The casino, however, being the government, is never short of chips. The casino can always create additional chips, much like an electronic scoreboard at a football game can “create” additional points at will on a scoreboard. To speak of “a shortage of resources” or an insufficiency of “public dollars to fill the hole of private dollars that was created as a consequence of the crisis” (as the President said yesterday), reflects a complete abdication of responsibility on the part of Obama. “The hole in private dollars”, which the President describes, is just the fall in private spending brought about by people wanting to save more money. That “hole” means that productive capacity will become unused and the jobs that could have been applied to that capacity are lost. This is why we have an unemployment rate that has almost trebled in the past 2 years.
The 15.7 million unemployed Americans are certainly not a limited resource — although they are a depleting resource the longer they stay unemployed. And unemployed they will remain in the absence of increased spending. So where does that spending come from?
At a recent symposium, Intel boss Paul Otellini, a contributor to both parties, expressed concern about the “amount of variability in the system” created by the state of policy flux in healthcare, energy and tax policy. “It is very difficult to make a hiring decision,” he said. General Electric chief executive Jeffery Immelt, added he would just like to “know what the rules are.” Fair enough. A business, unlike a government, does face external funding constraints. Get a decision wrong and the business cannot compensate by creating more currency. The problem is that income growth is dependent on aggregate demand (spending) growth. If spending growth falters, then output and income growth falters and the capacity to save by the private sector is compromised.

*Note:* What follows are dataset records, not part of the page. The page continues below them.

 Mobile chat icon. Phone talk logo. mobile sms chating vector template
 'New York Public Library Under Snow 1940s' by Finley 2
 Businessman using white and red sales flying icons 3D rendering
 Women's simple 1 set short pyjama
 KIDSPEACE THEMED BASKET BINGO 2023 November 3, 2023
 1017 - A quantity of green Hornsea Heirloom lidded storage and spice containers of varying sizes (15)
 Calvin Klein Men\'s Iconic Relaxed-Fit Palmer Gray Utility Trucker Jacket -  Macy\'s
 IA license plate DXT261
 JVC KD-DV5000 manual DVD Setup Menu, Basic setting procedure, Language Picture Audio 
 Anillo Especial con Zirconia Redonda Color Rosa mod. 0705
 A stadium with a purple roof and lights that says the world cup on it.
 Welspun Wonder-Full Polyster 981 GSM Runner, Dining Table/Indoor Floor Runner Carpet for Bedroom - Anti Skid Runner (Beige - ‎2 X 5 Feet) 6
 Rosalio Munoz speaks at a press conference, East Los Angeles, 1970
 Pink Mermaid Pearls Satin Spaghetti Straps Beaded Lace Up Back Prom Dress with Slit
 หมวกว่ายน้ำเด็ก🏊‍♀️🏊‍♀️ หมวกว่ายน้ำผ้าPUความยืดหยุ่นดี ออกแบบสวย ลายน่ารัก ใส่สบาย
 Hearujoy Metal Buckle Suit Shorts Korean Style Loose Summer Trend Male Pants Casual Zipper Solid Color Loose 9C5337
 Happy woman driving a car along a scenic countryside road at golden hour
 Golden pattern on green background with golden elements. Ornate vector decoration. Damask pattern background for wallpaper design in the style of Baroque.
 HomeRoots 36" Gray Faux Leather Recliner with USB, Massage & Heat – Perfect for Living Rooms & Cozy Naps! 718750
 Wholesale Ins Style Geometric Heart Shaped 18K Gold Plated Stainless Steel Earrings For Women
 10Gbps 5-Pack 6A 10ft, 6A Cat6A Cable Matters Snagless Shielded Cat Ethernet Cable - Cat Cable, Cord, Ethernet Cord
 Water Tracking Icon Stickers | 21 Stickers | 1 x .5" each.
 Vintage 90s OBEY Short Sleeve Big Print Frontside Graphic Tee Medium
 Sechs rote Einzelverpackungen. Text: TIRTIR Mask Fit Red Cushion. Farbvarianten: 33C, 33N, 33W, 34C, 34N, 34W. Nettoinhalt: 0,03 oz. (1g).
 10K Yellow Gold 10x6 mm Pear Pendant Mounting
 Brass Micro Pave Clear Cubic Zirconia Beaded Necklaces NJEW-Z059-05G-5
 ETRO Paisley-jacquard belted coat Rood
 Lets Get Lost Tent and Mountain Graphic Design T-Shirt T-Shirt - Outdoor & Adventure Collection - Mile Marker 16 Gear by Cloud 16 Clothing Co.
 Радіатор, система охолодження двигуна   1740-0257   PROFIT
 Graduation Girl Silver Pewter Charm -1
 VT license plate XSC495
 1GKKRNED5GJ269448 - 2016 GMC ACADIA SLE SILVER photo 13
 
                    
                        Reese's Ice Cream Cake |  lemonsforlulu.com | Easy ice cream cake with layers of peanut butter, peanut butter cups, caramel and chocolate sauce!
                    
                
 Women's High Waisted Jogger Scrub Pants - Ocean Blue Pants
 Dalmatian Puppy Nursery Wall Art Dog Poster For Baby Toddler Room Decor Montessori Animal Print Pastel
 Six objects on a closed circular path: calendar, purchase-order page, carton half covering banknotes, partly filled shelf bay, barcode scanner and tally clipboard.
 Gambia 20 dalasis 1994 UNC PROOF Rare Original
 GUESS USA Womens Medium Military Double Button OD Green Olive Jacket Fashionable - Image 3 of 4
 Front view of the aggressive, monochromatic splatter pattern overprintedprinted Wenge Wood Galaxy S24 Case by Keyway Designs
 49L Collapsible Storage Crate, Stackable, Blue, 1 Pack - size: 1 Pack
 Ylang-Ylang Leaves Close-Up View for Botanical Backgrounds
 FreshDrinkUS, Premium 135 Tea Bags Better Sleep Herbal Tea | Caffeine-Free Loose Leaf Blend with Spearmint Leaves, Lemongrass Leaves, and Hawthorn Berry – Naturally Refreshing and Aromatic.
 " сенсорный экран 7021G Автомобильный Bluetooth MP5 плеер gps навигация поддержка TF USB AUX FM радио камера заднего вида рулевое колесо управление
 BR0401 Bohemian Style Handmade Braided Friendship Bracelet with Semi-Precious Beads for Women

But the government doesn’t have to wait. A sovereign issuer of its own currency has all the capacity it needs. The budget deficits (net public spending) can maintain growth in demand to keep income growing and hence support private saving. Budget deficits should aim to fill in that “hole in private savings” and not allow aggregate demand to “fall through it”, which would lead to income and employment collapses. Government spending has to rise so as to ensure that firms are willing to maximize the use of their productive capacity, which in turn generates further employment. You don’t need a job summit to figure that one out, Mr. President.
The only “resource deficiency” here is one of political courage.
The Obama Administration continues to fantasize that it can get away with creating Potemkin prosperity of levitating asset prices via trillions of dollars of financial guarantees to Wall Street in lieu of deploying fiscal resources needed to lay the groundwork for the real thing.
If the President really believed that the government’s capacity was genuinely limited, then why bother holding a jobs summit at all? Or, at the very least, why not hold it in China, so that our Chinese “bankers”, who allegedly “fund” government expenditures, can vet each program and then decide whether they will continue to “finance” us. What’s next? Declaring wars only in times of national budget surpluses when we can “afford” to go to war?
You can see where the President’s incoherence leads. Our problem is a lack of jobs, not a lack of resources. The solution is more government spending. The only unemployment increase worth applauding would be the sacking of the President’s entire economics team, all of whom persistently regurgitate deficit myths that constrain output and employment and prevent us from recouping genuine prosperity.